*** Block opens ***
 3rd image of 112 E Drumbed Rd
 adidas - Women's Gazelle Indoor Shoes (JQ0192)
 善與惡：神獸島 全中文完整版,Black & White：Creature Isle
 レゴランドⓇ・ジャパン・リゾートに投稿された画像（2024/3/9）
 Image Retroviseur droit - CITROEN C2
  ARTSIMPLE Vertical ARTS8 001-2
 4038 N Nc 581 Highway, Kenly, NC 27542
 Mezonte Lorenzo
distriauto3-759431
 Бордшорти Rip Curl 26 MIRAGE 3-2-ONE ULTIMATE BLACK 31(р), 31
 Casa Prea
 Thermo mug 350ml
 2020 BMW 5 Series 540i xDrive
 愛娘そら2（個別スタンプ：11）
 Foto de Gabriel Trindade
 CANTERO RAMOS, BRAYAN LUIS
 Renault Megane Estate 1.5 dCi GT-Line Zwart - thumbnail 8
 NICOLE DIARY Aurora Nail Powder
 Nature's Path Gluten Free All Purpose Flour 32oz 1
*** Block closes ***
*** Block opens ***
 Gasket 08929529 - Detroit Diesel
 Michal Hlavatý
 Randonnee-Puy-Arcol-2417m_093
*** Block closes ***
*** Block opens ***
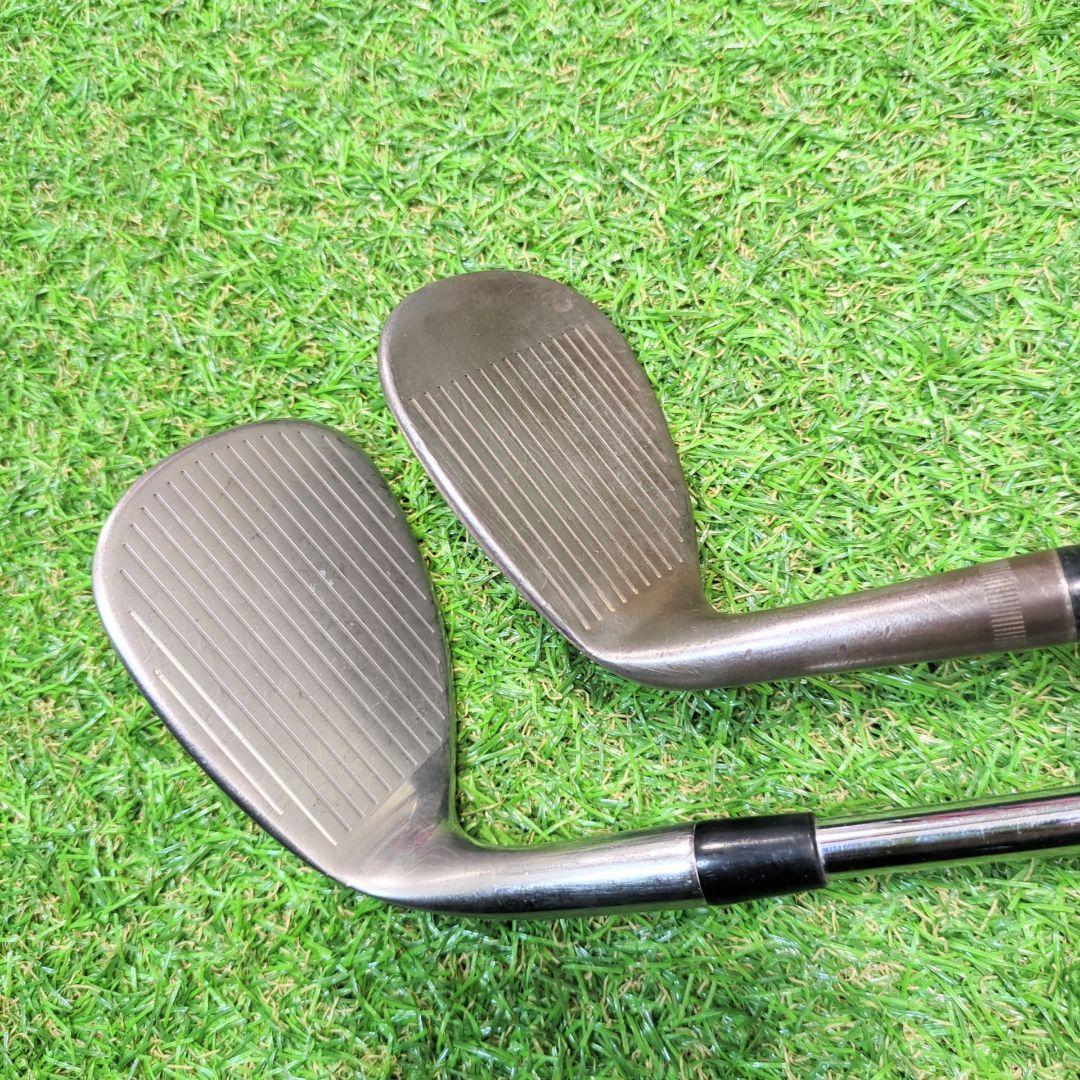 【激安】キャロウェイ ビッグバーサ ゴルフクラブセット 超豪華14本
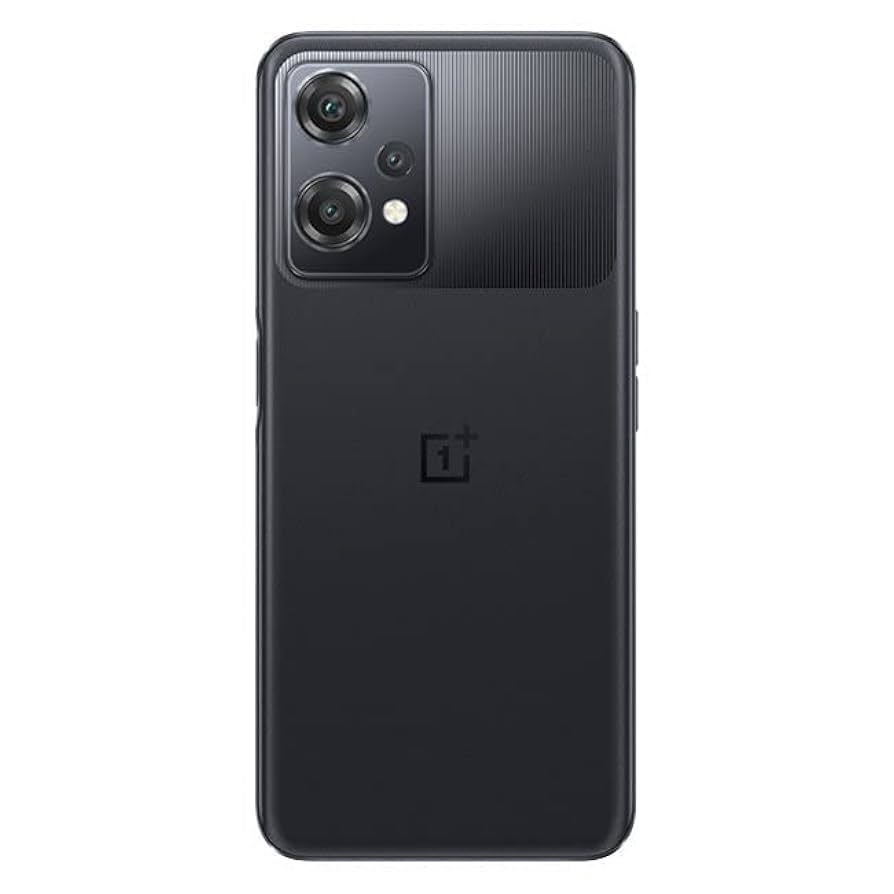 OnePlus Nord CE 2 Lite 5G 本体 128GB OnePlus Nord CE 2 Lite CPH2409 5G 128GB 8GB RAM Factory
*** Block closes ***
- **Description of the task**:
As listed above, the lines from the line with "3rd image of 112 E Drumbed Rd" to the line with "愛娘そら2（個別スタンプ：11）" are to be echoed exactly, with both ends included and nothing added.

- **Task response**:
 3rd image of 112 E Drumbed Rd
 adidas - Women's Gazelle Indoor Shoes (JQ0192)
 善與惡：神獸島 全中文完整版,Black & White：Creature Isle
 レゴランドⓇ・ジャパン・リゾートに投稿された画像（2024/3/9）
 Image Retroviseur droit - CITROEN C2
  ARTSIMPLE Vertical ARTS8 001-2
 4038 N Nc 581 Highway, Kenly, NC 27542
 Mezonte Lorenzo
distriauto3-759431
 Бордшорти Rip Curl 26 MIRAGE 3-2-ONE ULTIMATE BLACK 31(р), 31
 Casa Prea
 Thermo mug 350ml
 2020 BMW 5 Series 540i xDrive
 愛娘そら2（個別スタンプ：11）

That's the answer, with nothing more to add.